Intolerable Cruelty by the Coen brothers, Ethan and Joel, is a more consistent and pleasing work, concerning the state of American marriage and divorce among the moneyed. Ruthless and successful divorce lawyer Miles Massey (George Clooney) takes the case of a multimillionaire whose adultery has been caught on video. Massey, endowed with marvelous white teeth and the author of a legally unbreakable prenuptial agreement, lives by this creed: “Struggle, challenge and the ultimate destruction of your opponent—that’s life.” He manages to cheat the “betrayed” wife, Marilyn (Catherine Zeta-Jones), a conniving and cash-hungry adventuress, out of the fortune she had counted on. Marilyn plots revenge and gets it, more or less.

The starting point of the script is that love and marriage among the wealthy in America resemble something Balzac would have recognized without difficulty. Matrimony and its dissolution are about joining, seizing or protecting assets. Without a prenuptial agreement, which characters persist in ripping up in the heat of the amatory moment, the wealthy individual is in the most dangerous of positions. “You’re exposed!” is the most terrifying phrase one can hear.
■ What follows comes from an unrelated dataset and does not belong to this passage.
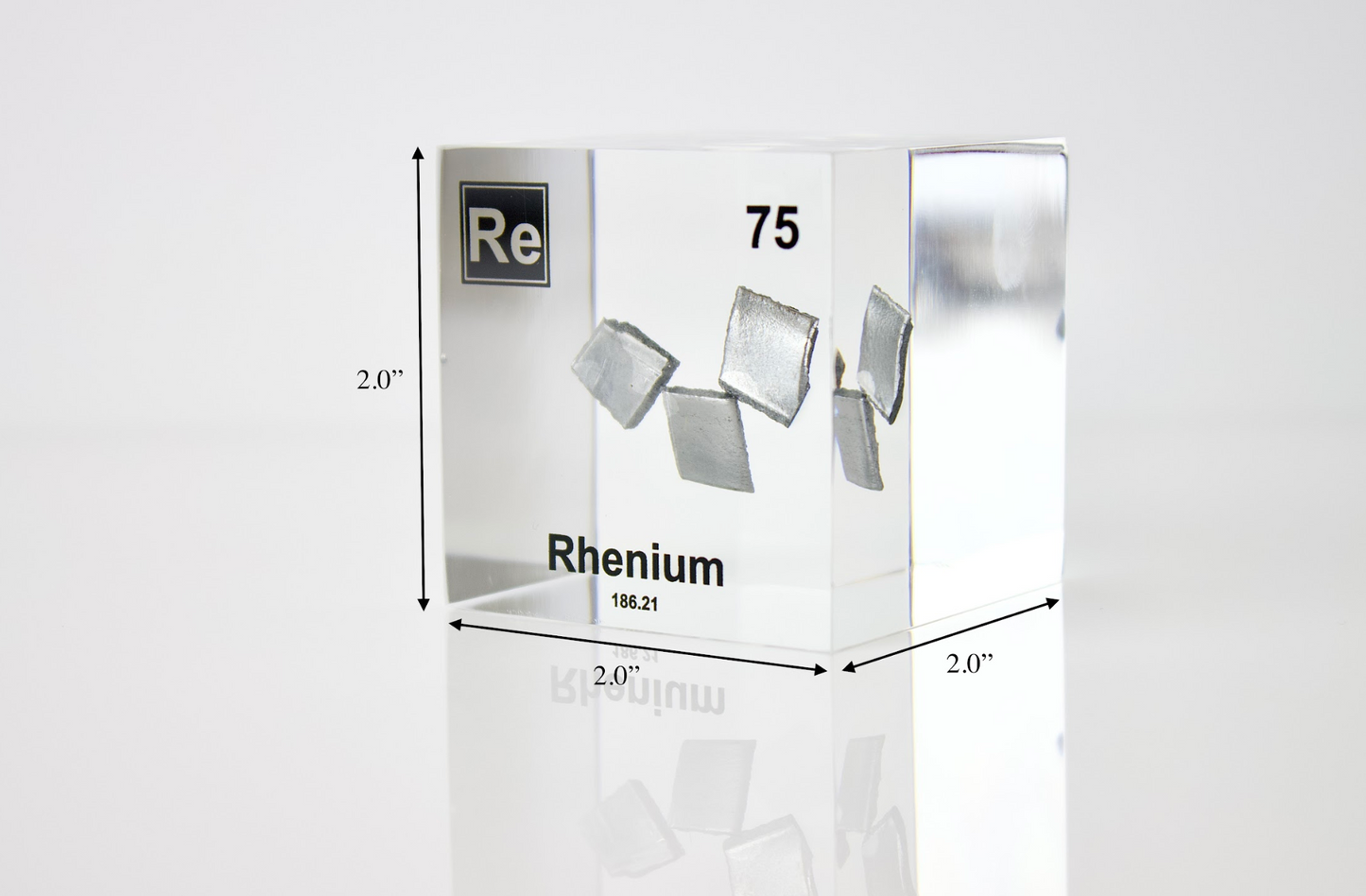 Rhenium Element Cube - 2" Acrylic Display - Atomic Number 75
Clooney also happens to be a fine comic actor. Particularly memorable are the scenes in which he is beckoned by the ancient and monstrous founder of the firm, Herb Myerson (Tom Aldredge), who is apparently kept alive only by the alarming tubes coming out of his chest and the unbridled lust for money. Miles is manifestly terrified, but impressed.
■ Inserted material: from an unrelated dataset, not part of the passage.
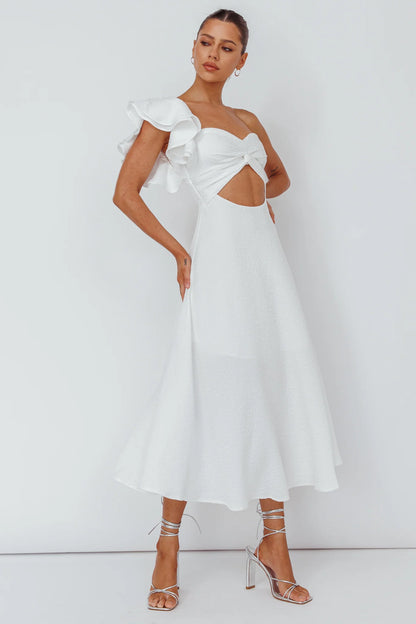Jolina Ruffle Shoulder Midi Dress White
It would probably be just as well for the filmmakers and audiences alike if the Coen brothers were to keep their acerbic sights set on the upper echelons of society, whom they reasonably and amusingly enough portray as a gang of criminals and incompetents, rather than treat the rest of the American population, about whose lives and concerns they largely haven’t a clue. Intolerable Cruelty is vastly preferable, in my view, to the “darkly comic” Barton Fink, The Hudsucker Proxy, The Big Lebowski and such.

The School of Rock is another weak film by Richard Linklater (Slacker, Dazed and Confused, The Newton Boys). It follows on the heels of the disappointing Tape and Waking Life. The new film concerns a journeyman musician, short of cash, who stumbles into a job as a substitute teacher and sets about turning his class into a rock and roll band. The film’s anti-establishment credentials are of a thoroughly insipid and harmless variety. Jack Black puts a good deal of energy into the role, but that can’t save a film whose idea of “open revolt” is sincere devotion to a previous decade’s popular music.

The Matrix Revolutions, directed by Larry and Andy Wachowski, is the third part in the “Matrix” trilogy. It concerns a final battle waged by humans against all-powerful machines. The work is incomprehensible unless one has studied or remembers the others. And why should anyone not with far too much time on their hands choose to do that? The dialogue is risible, full of pseudo-Zen profundity (“Everything that has a beginning has an end,” “No one can see beyond a choice they don’t understand”) and characters with names like “The Oracle,” “The Architect,” “Bane,” “Deus Ex Machina [seriously!]” and so on. A spectator might be forgiven for asking him or herself from time to time, is this a parody? Alas, no.

One may forgive Keanu Reeves (as the all-too Christlike Neo), Carrie-Anne Moss and Laurence Fishburne for taking this stuff so seriously or appearing to, but film history probably will not. One only trusts that some of those who made vast and overextended claims for the first part of the trilogy have been awakened to reality by this latest nonsense, with any luck by the sound of their own howls of laughter.